By Paul Zimmet - posted Friday, 8 December 2006

Australia is in the throes of an unprecedented epidemic of obesity and type 2 diabetes. This is part and parcel of an accelerating global phenomenon affecting most developed and developing nations - and the epidemic is in acceleration mode!

The 2000 AusDiab study undertaken by the International Diabetes Institute showed that that more than 60 per cent of our adult population are overweight or obese as are 20 per cent of our children. It is a tripling in numbers over the last 20 years.

The cost of type 2 diabetes in Australia is in excess of $A3 billion. This represents over 5 per cent of Australia’s health care expenditure and nearly 0.5 per cent of gross domestic product. The cost to Australia in health costs and workforce impact is well over $7 billion annually.


Obesity is the single most important challenge for public health in the 21st century.

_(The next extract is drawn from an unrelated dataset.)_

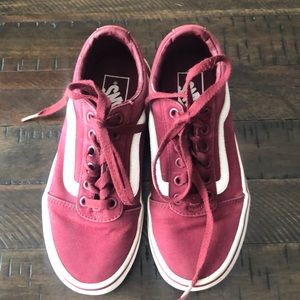 Women’s Maroon Vans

Over 1.5 billion adults worldwide and 10 per cent of children are now overweight or obese. The world’s waistline is bulging and some pundits have applied the name Globesity! Is it getting worse, you ask? Definitely. It is sweeping the world with a rapidity that is terrifying.

Obesity is the driving force behind type 2 diabetes, which has significant cardiovascular complications and renal failure, blindness and amputations. This is leading to decreased life expectancy from type 2 diabetes, cardiovascular disease and some forms of cancer. This is replicated in many nations and this “diabesity” pandemic is now set to bankrupt health budgets all over the world.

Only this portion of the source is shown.